Why are more workers in China leaving out factory jobs?

City says 7,000 summer jobs are available for Boston youth ages 14 to 18

Employees Work On Aluminum Products At A Factory In Eastern China'S Anhui Province.

Production is in progress at a factory in eastern China’s Anhui Province. Factory work has lost much of its popularity as a career choice. “The workers don’t trust the factory owners,” said a former employee.
STR/AFP via Getty Images

Over the past two decades, Zhang Xianfeng has dabbled in work as a movie extra and renovated homes. But he spent most of his time in factories manufacturing furniture and Apple iPhone accessories. These days he works in construction.

“I work nine hours a day. I earn 300 yuan [$44] Per day. “My job is to carry materials such as cement, glue and ceramic tiles,” Zhang said during a lunch break recently. “It’s better than a factory job because you don’t have to work overtime. Anyway, the pay is better.”

He’s not the only one who left the factories. Last year, 83% of Chinese manufacturers lacked hundreds or thousands of employees, accounting for 10% to 30% of their workforce, According to a survey conducted by the government consulting firm CIIC.
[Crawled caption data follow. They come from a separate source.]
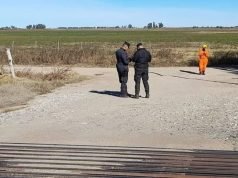 HALLARON UN CUERPO EN PILAR E INVESTIGAN SI SE TRATA ALEXIS BENAVIDEZ QUIEN ERA INTENSAMENTE BUSCADO. HAY TRES DETENIDOS.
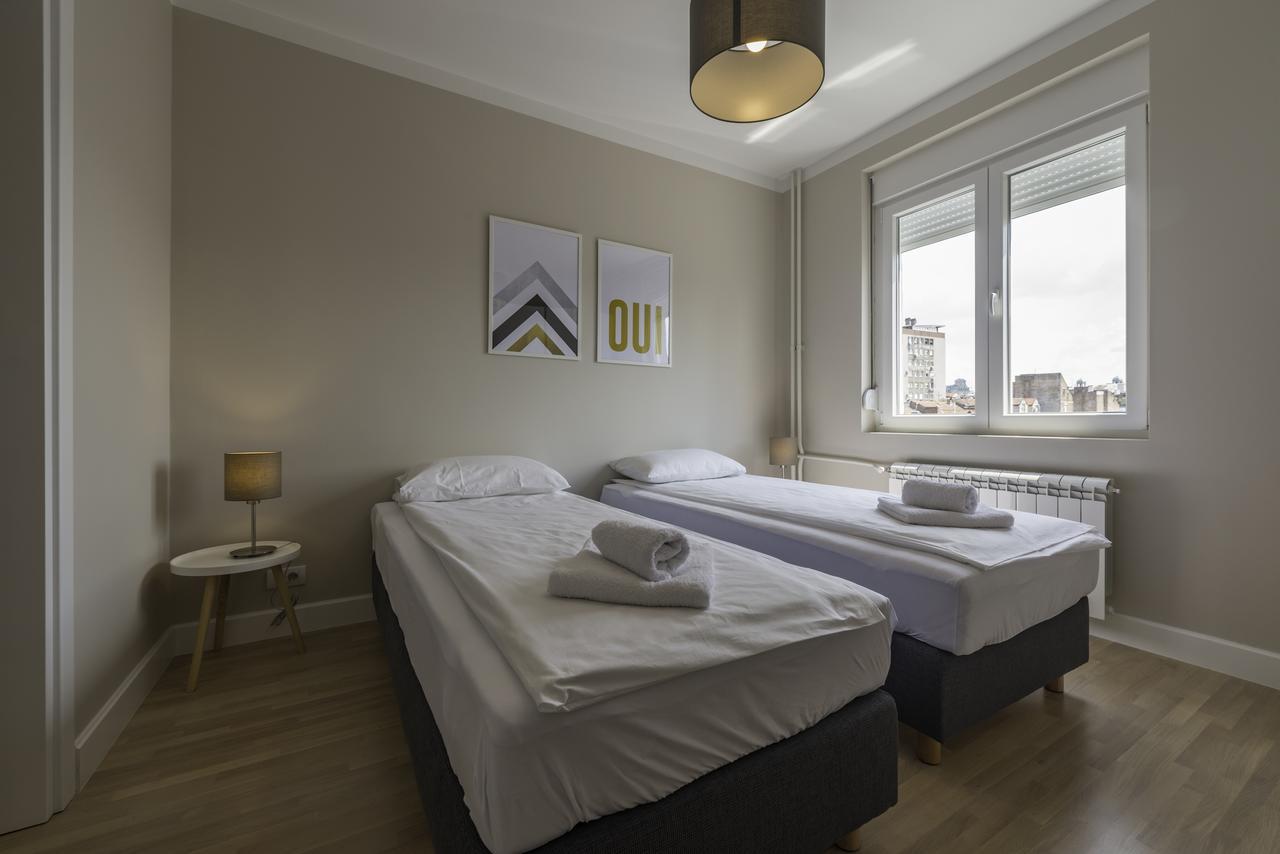 Urban Zen With View - Break Apartment Belgrad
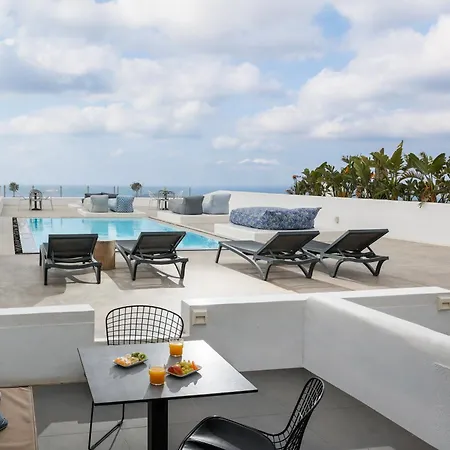 Amity - Adults Only Fira (Santorini)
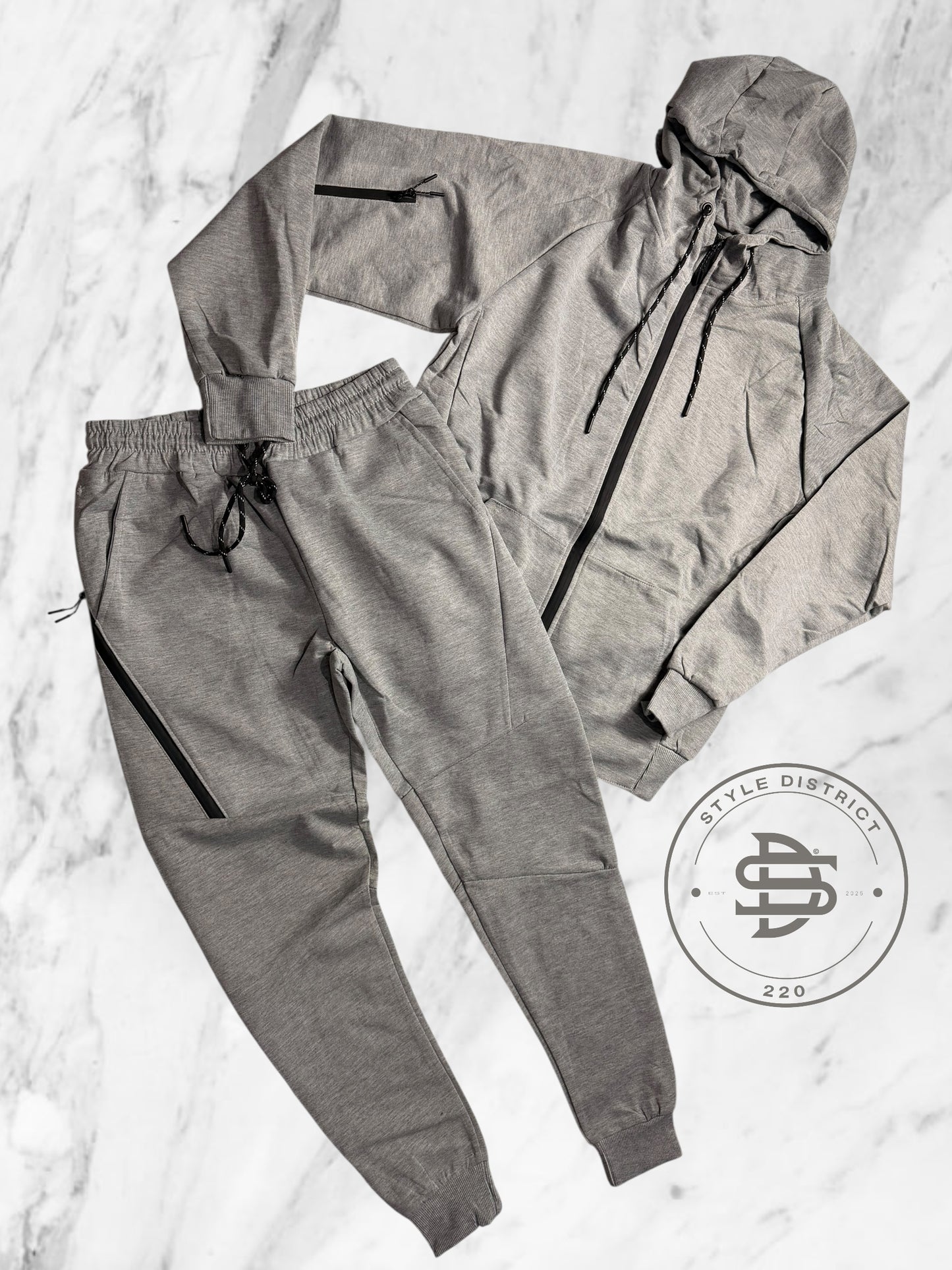 Style District Tech Sets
This is partly because China’s population declined for the first time last year and Its workforce has been shrinking since 2012. However, this should be partially offset by China’s high levels of unemployment after nearly three years of Beijing’s COVID-free policy. in January and February, The unemployment rate was 5.6%. In general, while Unemployment rose to 18.1% For people between the ages of 16 and 24.

Usually, when there are more workers than jobs, employers can be more selective. But that doesn’t seem to be the case for manufacturers in China. Zhang said job candidates are wary of that group of employers.

“Many factories deceive workers. They tell us that the salary is 25 yuan or even 30 yuan.” [$3.60 to $4.40] hour. Then, when we get to the factory, the real pay is lower or the work environment is horrible.”

The work environment has worsened under the policy of not spreading the Corona virus in China. To continue to produce products for the rest of the world, the factories operated a so-called closed-loop system where employees ate and slept on site.

Last fall, a wave of infections hit the central Chinese city of Zhengzhou, where Apple supplier Foxconn makes most of the iPhones.

“If you have a fever, your accommodation will be locked and you will not be given food or medicine,” said Hunter, who has worked for Foxconn repeatedly for the past decade. He only gave his name in English, fearing reprisals.

Foxconn did not address this specific claim, however In a statement to the media at the time, She said she was in a “protracted battle” taking care of her staff during the outbreak and asked for public understanding. In a statement to Marketplace, Foxconn emphasized that the health and safety of its employees has always been its “top priority.”

“Our Zhengzhou campus is very complex and requires strong management capabilities to adhere to [pandemic] Prevention regulations and normal production operation,” Foxconn added.

Just as iPhone 14s orders were pouring in, workers who feared for their safety They were streaming.

“Foxconn recruited some new workers from poorer provinces, promising them 30 yuan an hour plus bonuses,” Hunter said. “Perhaps the recruitment agencies or the job advertisements weren’t clear enough, but when the workers arrived, they found that the terms had changed.”

Anger and frustration — fueled by concerns about infected people working alongside healthy ones and the endless COVID quarantine — The workers were forced to protest and clash with riot police At the Foxconn factory in November. The company said it was “patently incorrect” that it had kept injured workers on site; he is too He blamed the payment problem on a technical error. The incident delayed delivery of the iPhone 14s.

Zhang Xianfeng at the Shanghai construction site where he works. He spent most of his working life in factories but now tries to avoid them. (Charles Zhang / The Market)

Many of the workers who spoke to Marketplace consider Foxconn better than some other factories, but conditions can be worse when manufacturers hire through staffing agencies. Labor advocacy groups say this method allows major global manufacturers and brands to avoid liability for potential labor abuses.

Recruiters like Jia Jin in Yunnan admit that there are some bad recruits, but he also argues that the workers have no loyalty.

“A lot of workers like to move from one factory to another looking for better offers. But the factories need stability or they will never complete the orders. My job is to help them,” Jia said.

He and his wife traveled across Yunnan Province looking for people to work in factories, without much luck. Jia said young people bear some responsibility for the high unemployment rate.

“Some young people, especially those who graduated from a good college, feel very embarrassed to take a job that is labor-intensive or where the salary is very low,” said Jia.

To earn more money, factory workers have to work overtime. However, just because they put in extra hours doesn’t mean they’re happy about it.

“Workers like to work overtime, not because they really like it but because the base pay is so low,” Hunter said.

Former factory worker Zhang said factories can’t find workers despite high unemployment for one main reason: “The workers don’t trust the factory owners.”

He added that he hoped he would never have to take a factory job again.

Additional research by Charles Zhang.